For this post, I will only consider Hermitian positive-definite operators. The conditions that I will list for which the determinant exists for such operators are sufficient for the determinant to exist, but I am not convinced that they are necessary. If such operators have an eigenvalue decomposition $$\hat{A} = \int a(x) |\phi(x)\rangle\langle \phi(x)|~\mathrm{d}x$$ where the vectors $$\{ |\phi(x) \rangle \}$$ form a complete orthonormal basis and the eigenvalues satisfy $$a(x) > 0$$ for all $$x$$, then one can make use of the identity $$\ln(\det(\hat{A})) = \operatorname{trace}(\ln(\hat{A}))$$ to say that $$\ln(\det(\hat{A})) = \int \ln(a(x))~\mathrm{d}x$$. For the right-hand side to converge, then $$\ln(a(x))$$ must asymptotically approach 0 with $$x$$ as $$|x| \to \infty$$ strictly faster than $$1/x$$, which means that $$a(x)$$ must asymptotically 1 with $$x$$ as $$|x| \to \infty$$ strictly faster than $$\exp(1/x)$$ (which is not the same as $$e^{-x}$$), and $$\ln(a(x))$$ can at most have singularities at finite points $$x_{0}$$ that diverge strictly slower than $$1/|x - x_{0}|$$, which means that $$a(x)$$ must either diverge to $$\infty$$ strictly slower than $$\exp(1/|x - x_{0}|)$$ or drop to 0 strictly slower than $$\exp(-1/|x - x_{0}|)$$. For example, $$a(x) = \exp(1/(x^{2} + x_{0}^{2}))$$ fits the bill; note that this is not the same as the Gaussian kernel $$\exp(-(x^{2} + x_{0}^{2}))$$. Intuitively, this condition makes sense, because for a finite-dimensional diagonal matrix as the dimension becomes arbitrarily large, the diagonal elements must mostly be exactly or very close to 1 for the determinant to not grow arbitrarily large with the dimension.
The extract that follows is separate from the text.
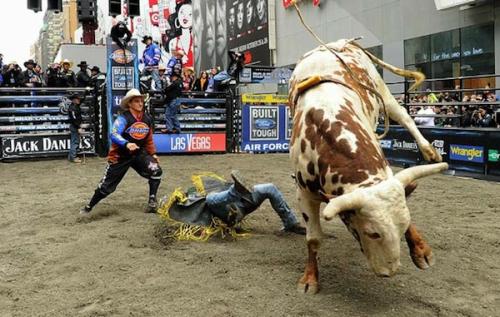 В центре Нью-Йорка устроили родео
In finite-dimensional vector spaces, it is also easy to compute the determinants of triangular matrices simply as the products of the diagonal elements. (This is why the determinant is most often computed by an algorithm like first computing the LU decomposition and then taking the product of the diagonal elements of the upper-triangular matrix, which for an $$N \times N$$ matrix involves $$O(N^{3})$$ operations, as opposed to the Leibniz formula involving every permutation which involves $$O(N!N)$$ operations.) In infinite-dimensional vector spaces, a matrix that is triangular in a countable basis can have the determinant computed similarly as in finite-dimensional vector spaces; if an operator $$\hat{A}$$ in that basis has elements $$A_{ij}$$, then using the definition $$\ln(|\det(\hat{A})|) = \prod_{i} \ln(|A_{ii}|)$$, the determinant converges as long as the diagonal elements $$|A_{ii}|$$ are mostly exactly or very close to 1, specifically such that as $$|i| \to \infty$$, $$\ln(|A_{ii}|)$$ decays to 0 strictly faster than $$1/i$$. (Note that $$i$$ is an integer index written in slanted font, not the imaginary unit $$\operatorname{i}$$ written in upright font.) However, I am not sure how to generalize this to operators that are expressed as triangular matrices in continuous bases.